Now my guess is that somewhere in memory_instrumentation needs to be updated. I'll take some quick exploration there.

@meng-xu-cs
Copy link
Collaborator

This is more fundamental...

The whole move-prover pipeline needs to be updated to catch the new set of bytecodes, including

EliminateImmRefsProcessor
MutRefInstrumenter
ReachingDefProcessor
BorrowAnalysisProcessor
MemoryInstrumentationProcessor

and possibly more...

I would like to consult @wrwg on what would be the best way forward. Failing the interpreter test is just the tip of the iceberg. I guess that any Move code uses Std::Vector will not pass the prover...

@wrwg
Copy link
Member

wrwg commented May 6, 2022

This is more fundamental...

The whole move-prover pipeline needs to be updated to catch the new set of bytecodes, including

EliminateImmRefsProcessor
MutRefInstrumenter
ReachingDefProcessor
BorrowAnalysisProcessor
MemoryInstrumentationProcessor

and possibly more...

I would like to consult @wrwg on what would be the best way forward. Failing the interpreter test is just the tip of the iceberg. I guess that any Move code uses Std::Vector will not pass the prover...

Yeah, that is what I thought also initially. Plus as long as DPN isn't back and full prover tests are in place based on it, this will be very risky.

I wonder why we are doing this (or have done part of it). What is the advantage of having opcodes instead of well-known native functions? The later concept is quite common in compilers. The only reason I can imagine is that code with opcodes for vector ops is potentially more compact.

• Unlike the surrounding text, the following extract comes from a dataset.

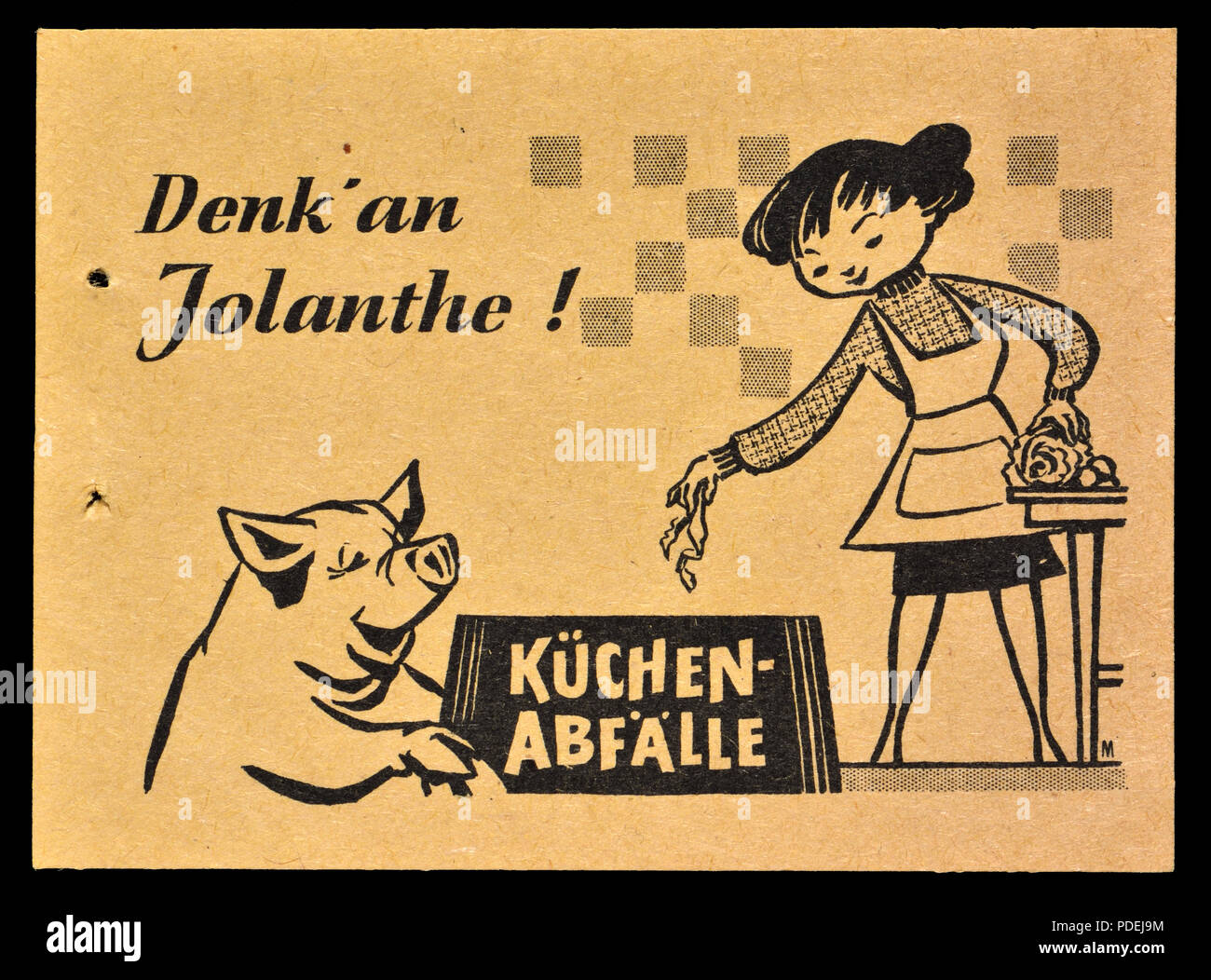 L'allemand annonce à partir d'un timbre est-allemand des années 1950 livre : le recyclage des déchets de cuisine 'Denk' une Jolanthe' Pensez à Jolanthe (le cochon, probablement) Banque D'Images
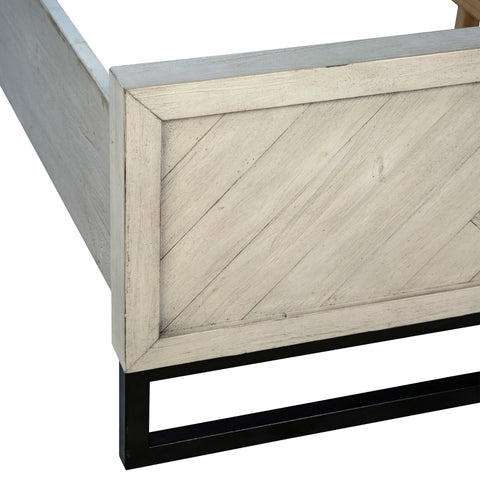 Marino Antique Light Grey Wash and Black Frame Bed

As we move forward and have maps, sets, tables, we will not be able to add opcodes for each of them. So those will be als represented via native functions. I can imagine at some point we may want to add special compiler support for maps/sets, and then we are back to square one, that is having to treat native functions as well-known to the compiler anyway.

@tnowacki
Copy link
Member Author

tnowacki commented May 6, 2022

As we move forward and have maps, sets, tables, we will not be able to add opcodes for each of them

The goal is to have bytecode operations for anything that is a primitive type in Move. So the signer and vector native functions are being replaced by bytecode operations. @meng-xu-cs started this process last fall, but was unable to finish the migration before leaving. This PR is trying to finish that migration for the compiler at least.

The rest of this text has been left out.